そこで労働者に会社のルールや社内の環境を明確にした就業規則の内容を知ってもらい、労使関係を良好にする方法として、労働基準法第90条において労働組合又は労働者の代表の意見を記載した意見書が義務付けられるようになりました。
就業規則の意見書が必要な会社
就業規則の意見書は労働基準法により常時10人以上の従業員を使用している事業所が作成し、提出しなければなりません。これは会社の秩序を保つとともに、労働者の権利を守り、労使間のトラブルを防ぐために必要とされています。

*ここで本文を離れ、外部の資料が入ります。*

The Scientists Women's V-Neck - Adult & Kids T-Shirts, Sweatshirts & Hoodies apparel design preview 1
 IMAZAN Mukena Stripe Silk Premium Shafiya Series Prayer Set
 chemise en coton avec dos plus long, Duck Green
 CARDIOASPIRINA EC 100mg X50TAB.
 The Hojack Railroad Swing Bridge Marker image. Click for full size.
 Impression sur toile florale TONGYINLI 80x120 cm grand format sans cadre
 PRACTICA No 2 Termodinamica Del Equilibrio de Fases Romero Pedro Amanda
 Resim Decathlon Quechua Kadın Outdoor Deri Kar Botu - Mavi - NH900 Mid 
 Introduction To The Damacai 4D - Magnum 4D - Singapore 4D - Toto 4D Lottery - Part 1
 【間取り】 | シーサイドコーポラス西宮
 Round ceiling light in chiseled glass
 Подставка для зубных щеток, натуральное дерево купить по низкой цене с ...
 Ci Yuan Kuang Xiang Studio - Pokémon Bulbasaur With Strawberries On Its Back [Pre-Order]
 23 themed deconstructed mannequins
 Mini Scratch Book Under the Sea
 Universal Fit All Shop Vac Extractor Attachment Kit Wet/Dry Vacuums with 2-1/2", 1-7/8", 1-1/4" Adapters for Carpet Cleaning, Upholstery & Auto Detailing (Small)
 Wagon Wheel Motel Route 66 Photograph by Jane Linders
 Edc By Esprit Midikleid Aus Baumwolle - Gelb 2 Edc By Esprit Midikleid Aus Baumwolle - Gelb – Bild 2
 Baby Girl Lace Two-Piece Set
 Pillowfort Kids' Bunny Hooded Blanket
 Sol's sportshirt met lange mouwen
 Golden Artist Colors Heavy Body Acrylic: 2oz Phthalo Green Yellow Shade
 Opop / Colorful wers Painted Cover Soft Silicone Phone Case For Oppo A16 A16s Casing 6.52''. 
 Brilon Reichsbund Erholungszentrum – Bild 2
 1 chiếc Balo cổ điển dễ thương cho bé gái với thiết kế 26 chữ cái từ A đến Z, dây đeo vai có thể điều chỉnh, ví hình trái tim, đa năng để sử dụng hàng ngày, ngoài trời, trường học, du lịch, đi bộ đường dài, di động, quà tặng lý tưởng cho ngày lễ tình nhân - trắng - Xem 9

常時10人以上とは基本的に10人以上の従業員を抱えている事業所のことで、普段は10人未満の態勢で繁忙期のみ短期のアルバイトなどを雇って10人以上になる場合は常時10人以上にはなりません。
基本的に抱えている常時10人の従業員は正社員のみでなく、非正規社員も含まれます。しかし、派遣労働者は派遣元の会社と雇用契約を結んでいるので派遣先の常時10人の従業員には含まれませんので注意しましょう。
意見書が必要となる単位
就業規則の意見書は常時10人以上の従業員を使用している事業所に提出義務がありますが、その単位は事業所ごとになります。そのため一つの企業で複数の意見書を提出しなければならない場合もあるでしょう。
一部労働者を対象とした場合も意見書が必要
従業員が常時10人未満の事業所は基本的には就業規則の作成義務はありませんが、雇用関係の助成制度を利用したい場合は作成しなければなりません。その場合は意見書の提出も必要になります。
就業規則の意見書を書くときのポイントと記入例
就業規則の意見書に書き方や記入例は特に決まっていません。インターネットで検索すると書式や記入例がありますので、ダウンロードして作成に利用できます。
労働組合の有無を記載する
就業規則の意見書は、労働者が事業所側が作成した就業規則の内容を確認していることを証明するために、提出が義務付けられています。従業員の過半数で組織する労働組合のある事業所の場合は、その労働組合の意見を聴いて意見の内容を記載します。
そのため、意見書には労働者の過半数が加入している労働組合が事業所内にあるかどうかの有無を記載しなければなりません。
労働組合名や労働者代表名を記載する
前述のように事業所内に従業員の過半数が加入している労働組合がある場合、その労働組合の意見を聴いて意見の内容を記載しますが、その際労働組合の名称の記載も必要です。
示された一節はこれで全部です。